■ PROBLEM ■
Every line from the one with "Water is spraying" to the end of the listing, and nothing else, is to be printed exactly; please leave the pictures out.

● ● ● ●

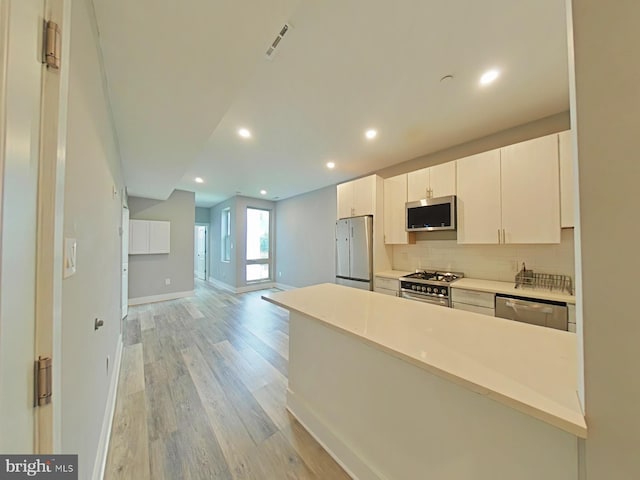 kitchen featuring white cabinets, decorative backsplash, stainless steel appliances, and light hardwood / wood-style floors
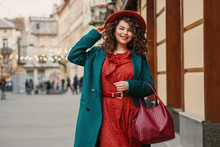 Happy Smiling Fashionable Curvy Woman Wearing Trendy Autumn Outfit: Orange Hat, Snakeskin Print Dress, Belt, Green Coat, Holding Red Wicker Leather Bag, Posing In Street Of European City. Copy Space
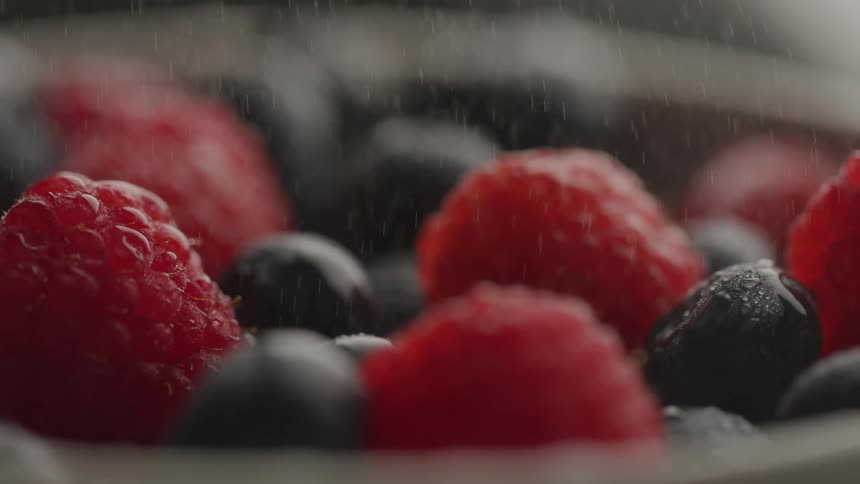 Water is spraying on the blueberries and raspberries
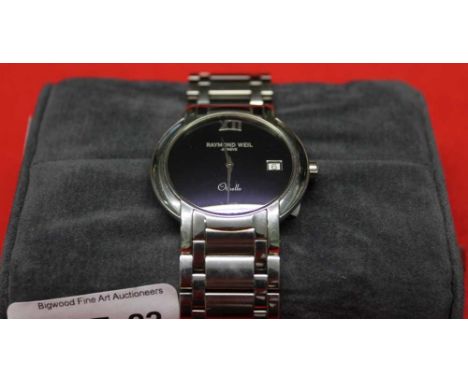 A Raymond Weil "Othello" purple faced wrist watch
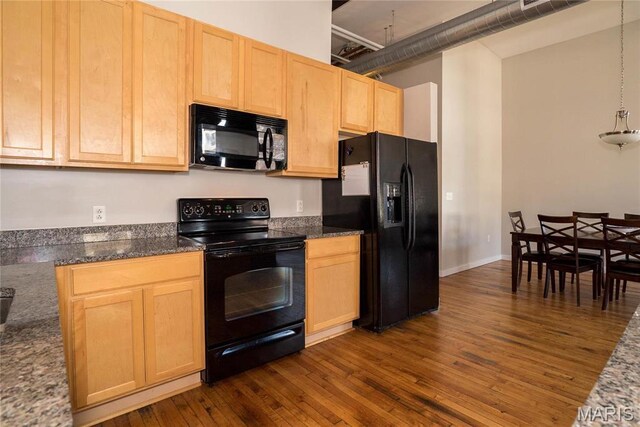1520 Washington Ave Unit 604, Saint Louis, MO 63103 - kitchen with black appliances, light brown cabinetry, dark wood-style flooring, and dark stone counters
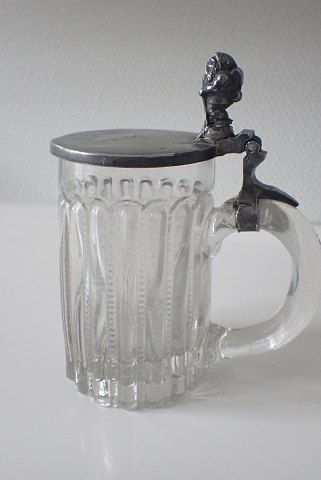 Nisse ølkrus i glas med låg af tin.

● ● ● ●

■ ANSWER TO THIS PROBLEM ■
 Water is spraying on the blueberries and raspberries
 A Raymond Weil "Othello" purple faced wrist watch
1520 Washington Ave Unit 604, Saint Louis, MO 63103 - kitchen with black appliances, light brown cabinetry, dark wood-style flooring, and dark stone counters
 Nisse ølkrus i glas med låg af tin.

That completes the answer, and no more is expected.